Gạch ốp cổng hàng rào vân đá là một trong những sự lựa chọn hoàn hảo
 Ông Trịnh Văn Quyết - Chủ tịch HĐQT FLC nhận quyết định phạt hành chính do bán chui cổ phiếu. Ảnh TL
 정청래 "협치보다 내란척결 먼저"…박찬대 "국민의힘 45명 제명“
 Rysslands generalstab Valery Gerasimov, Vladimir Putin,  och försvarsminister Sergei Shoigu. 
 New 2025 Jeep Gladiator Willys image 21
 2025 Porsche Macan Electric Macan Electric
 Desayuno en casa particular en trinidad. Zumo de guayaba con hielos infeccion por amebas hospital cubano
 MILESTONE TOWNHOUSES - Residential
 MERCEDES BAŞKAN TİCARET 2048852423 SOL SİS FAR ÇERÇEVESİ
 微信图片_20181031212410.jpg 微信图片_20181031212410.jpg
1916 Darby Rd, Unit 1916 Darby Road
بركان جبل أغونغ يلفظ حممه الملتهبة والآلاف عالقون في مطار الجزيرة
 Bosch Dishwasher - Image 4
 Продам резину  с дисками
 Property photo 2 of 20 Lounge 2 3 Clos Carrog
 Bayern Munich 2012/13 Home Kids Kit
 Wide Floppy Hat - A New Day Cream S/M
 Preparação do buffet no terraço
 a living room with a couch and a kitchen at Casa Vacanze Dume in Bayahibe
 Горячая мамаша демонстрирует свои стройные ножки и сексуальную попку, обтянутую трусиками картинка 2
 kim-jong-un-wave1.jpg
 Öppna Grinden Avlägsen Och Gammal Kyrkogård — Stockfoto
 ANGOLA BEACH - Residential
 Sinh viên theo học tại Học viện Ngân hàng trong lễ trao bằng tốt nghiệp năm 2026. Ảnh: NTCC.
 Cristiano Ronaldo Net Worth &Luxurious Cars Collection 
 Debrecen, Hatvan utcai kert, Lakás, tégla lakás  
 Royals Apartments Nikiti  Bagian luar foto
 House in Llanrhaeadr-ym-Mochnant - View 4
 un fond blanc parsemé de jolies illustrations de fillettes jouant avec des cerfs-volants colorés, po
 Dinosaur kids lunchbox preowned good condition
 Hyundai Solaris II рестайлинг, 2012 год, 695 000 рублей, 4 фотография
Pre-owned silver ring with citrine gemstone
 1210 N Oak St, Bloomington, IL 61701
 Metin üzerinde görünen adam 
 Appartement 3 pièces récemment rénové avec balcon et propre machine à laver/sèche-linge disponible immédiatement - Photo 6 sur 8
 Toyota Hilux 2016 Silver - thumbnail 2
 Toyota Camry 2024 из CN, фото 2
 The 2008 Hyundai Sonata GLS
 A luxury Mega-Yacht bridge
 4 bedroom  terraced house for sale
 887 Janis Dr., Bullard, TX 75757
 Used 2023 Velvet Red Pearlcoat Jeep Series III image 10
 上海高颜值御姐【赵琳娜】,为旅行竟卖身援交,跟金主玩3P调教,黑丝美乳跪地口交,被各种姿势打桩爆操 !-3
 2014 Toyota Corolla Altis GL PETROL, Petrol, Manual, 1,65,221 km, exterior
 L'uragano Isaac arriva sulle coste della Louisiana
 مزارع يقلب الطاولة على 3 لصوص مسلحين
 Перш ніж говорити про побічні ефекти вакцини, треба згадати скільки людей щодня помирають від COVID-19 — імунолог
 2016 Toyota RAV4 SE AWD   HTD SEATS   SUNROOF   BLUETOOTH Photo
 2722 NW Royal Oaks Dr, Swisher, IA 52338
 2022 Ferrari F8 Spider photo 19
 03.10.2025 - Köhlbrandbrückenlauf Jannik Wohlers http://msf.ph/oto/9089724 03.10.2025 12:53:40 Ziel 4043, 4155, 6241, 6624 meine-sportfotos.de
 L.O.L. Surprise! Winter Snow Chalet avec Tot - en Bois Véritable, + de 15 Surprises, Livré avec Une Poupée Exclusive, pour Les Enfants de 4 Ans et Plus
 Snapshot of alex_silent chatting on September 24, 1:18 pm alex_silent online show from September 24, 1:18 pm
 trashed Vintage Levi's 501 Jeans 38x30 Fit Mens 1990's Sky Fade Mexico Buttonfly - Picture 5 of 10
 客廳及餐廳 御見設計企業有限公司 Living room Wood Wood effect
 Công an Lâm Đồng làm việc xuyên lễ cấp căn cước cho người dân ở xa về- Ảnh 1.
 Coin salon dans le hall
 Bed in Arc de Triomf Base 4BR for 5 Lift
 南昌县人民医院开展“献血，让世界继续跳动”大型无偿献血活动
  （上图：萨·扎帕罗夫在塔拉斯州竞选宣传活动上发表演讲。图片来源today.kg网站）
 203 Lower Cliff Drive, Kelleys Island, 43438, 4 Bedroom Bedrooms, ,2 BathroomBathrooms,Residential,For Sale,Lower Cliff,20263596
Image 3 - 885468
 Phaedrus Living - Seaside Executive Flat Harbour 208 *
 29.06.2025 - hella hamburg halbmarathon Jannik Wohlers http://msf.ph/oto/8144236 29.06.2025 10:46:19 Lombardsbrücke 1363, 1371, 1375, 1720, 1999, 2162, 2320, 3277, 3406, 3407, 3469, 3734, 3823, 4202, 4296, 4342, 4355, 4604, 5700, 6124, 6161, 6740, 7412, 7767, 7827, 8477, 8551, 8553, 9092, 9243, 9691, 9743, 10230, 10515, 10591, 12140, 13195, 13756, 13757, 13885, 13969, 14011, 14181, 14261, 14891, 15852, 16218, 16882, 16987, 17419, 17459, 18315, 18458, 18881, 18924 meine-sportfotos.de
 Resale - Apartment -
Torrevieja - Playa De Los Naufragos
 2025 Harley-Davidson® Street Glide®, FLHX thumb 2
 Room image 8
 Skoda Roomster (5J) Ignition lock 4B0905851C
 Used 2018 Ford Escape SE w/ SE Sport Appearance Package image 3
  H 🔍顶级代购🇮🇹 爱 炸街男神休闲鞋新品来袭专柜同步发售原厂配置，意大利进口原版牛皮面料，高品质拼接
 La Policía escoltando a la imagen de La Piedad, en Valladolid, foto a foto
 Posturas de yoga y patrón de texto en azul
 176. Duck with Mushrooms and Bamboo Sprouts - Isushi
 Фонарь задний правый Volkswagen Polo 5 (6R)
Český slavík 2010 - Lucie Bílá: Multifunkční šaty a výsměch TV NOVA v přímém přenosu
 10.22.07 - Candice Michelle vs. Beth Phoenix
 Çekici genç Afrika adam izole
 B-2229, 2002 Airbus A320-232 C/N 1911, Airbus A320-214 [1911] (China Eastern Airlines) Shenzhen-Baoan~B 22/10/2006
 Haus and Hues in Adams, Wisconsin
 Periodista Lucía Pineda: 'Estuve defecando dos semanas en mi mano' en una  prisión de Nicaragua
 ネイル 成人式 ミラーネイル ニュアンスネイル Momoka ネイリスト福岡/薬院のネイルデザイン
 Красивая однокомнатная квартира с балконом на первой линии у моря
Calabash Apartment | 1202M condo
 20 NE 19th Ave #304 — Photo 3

◆ ◆ ◆

## Your instructions
Go through the records, tally the lines holding the word "Used", and give only the tally.

## Exercise solution
2